The National Digital Engineering and Manufacturing Consortium announced its formation last week in a White House press conference. NDEMC’s focus is to use HPC technology to energize the U.S. manufacturing sector.

The consortium includes NCMS, the Council on Competitiveness, the National Center for Supercomputing Applications, the Ohio Supercomputing Center and Purdue University, as well as industrial partners Deere & Co., General Electric, Procter & Gamble, and Lockheed Martin.

The consortium was funded with a $2 million grant from the U.S. Department of Commerce and an additional $2.5 million investment from industrial partners.
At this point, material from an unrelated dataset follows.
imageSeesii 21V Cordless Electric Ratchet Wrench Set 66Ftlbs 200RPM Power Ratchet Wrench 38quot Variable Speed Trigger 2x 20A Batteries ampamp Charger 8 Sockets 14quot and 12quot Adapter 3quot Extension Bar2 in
The NDEMC will be tasked to spread adoption of advanced modeling and simulation capability using High Performance Computing, or HPC, throughout the supply chains of some of the nation’s leading manufacturers. While large manufacturing companies successfully use these tools to improve their products, smaller companies lack the resources and technical knowledge to do so. NDEMC will attempt to fill that gap by relying on consortium members to reach this “missing middle” of late adopters before it is too late.

“As the leader in practical innovation for U.S. manufacturing, NCMS is excited to partner with those who recognize the potential of HPC,” said Rick Jarman, NCMS president and CEO. “We will work to ensure that the NDEMC fulfills its promise of speeding new technology and adding jobs to U.S. Manufacturing and related sectors in technology and service.”

This collaboration will bolster and enhance the NCMS national strategy announced last September. The strategy proposed the creation of a network of Predictive Innovation Centers, which would focus on the small and mid-sized manufacturer and would offer them the tools, training and expertise to leverage the power of advanced computational technologies. These centers will help to revitalize manufacturing by creating jobs and giving American manufacturers a technological edge in global competitiveness.

NCMS will use its track record of successful manufacturing R&D development to help ensure that the NDEMC service offerings are of immediate practical use to small manufacturers.

“We have been working with small manufacturers on a practical HPC strategy for several years now,” said Jon Riley, Executive Director of Design & Engineering Programs at NCMS. “We are ready to hit the ground running and create a valuable resource that will allow American companies to compete and succeed in the global marketplace.”